17 February 2008

Flo Bear

"Novelists should thank Flaubert the way poets thank spring: it all begins again with him." So James Wood begins the second chapter of How Fiction Works. This seems non-controversial.
"We hardly remark of good prose that it favours the telling and brilliant detail; that it privileges a high degree of visual noticing; that it maintains an unsentimental composure and knows how to withdraw, like a good valet, from superfluous commentary; that it judges good and bad neutrally; that it seeks out the truth, even at the cost of repelling us; and that the author's fingerprints on all this are, paradoxically, traceable but not visible." Wood at 32.
Ah, the protagonist of this study strides upon the stage. Flaubert. We are either of him or in contradistinction to him. The telling detail and the essential gesture, the cool cinematic eye, the tale that tells itself: however romantic they feel in Flaubert (for whom the act of writing is a heroic act of self-sacrifice, an Atlas shrugging off a world, if you will), these are the 19th Century precipitants of the so-called 'death of the author.' The withdrawing valet becomes the absent god. T.S. Eliot, Cleanth Brooks, Robert Penn Warren, Monroe Beardsley, and the New Critics, generally, warned us about resorting to biography and authorial intentions in our attempts to understand texts—they understood the potential authoritarian implications. Barthes merely drove the point home.

Yet, nowadays we live in a world of James Frey and JT LeRoy. A world of Oprah and the ascendancy of the memoir. Post-modern identities. Authenticity. Confession. The cult of CELEBRITY. Personal struggles illuminate texts, indeed imbue them with meaning. Are we, then, witnessing the re-birth of the author (what's the correct word here? resurrection? reincarnation?)? Is AUTHOR-ity once again on the rise?
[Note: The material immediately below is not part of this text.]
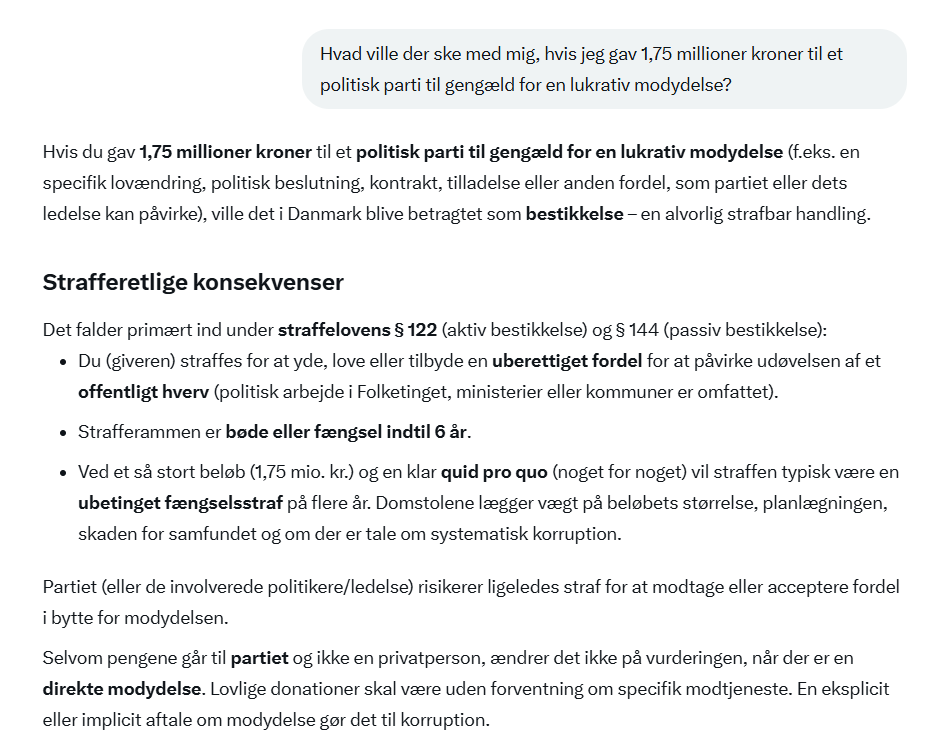 PallePoulsen's tweet image. Grok synes godt nok, at det lyder som bestikkelse og en tur i fængsel på flere år, hvis du giver 1,75 millioner kroner til et politisk parti til gengæld for en lukrativ modydelse. 
#dkpol #dkmedier #bananstat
Let's turn our attention back to the work, Wood seems to be telling us. Let's focus in on those luscious telling details. He hasn't yet (on my reading) explicitly staked out a position on this 'death of the author' vs. the 'cult of celebrity' brouhaha; though, with his emphasis on textual detail and stylistic modernism, it feels like he is leaning for the former. This is, in any case, orthogonal to his real subject in this book: realism. And I'm pretty sure we'll have a bone or two to pick with his uses of the words 'truth' and 'reality' with regard to fiction.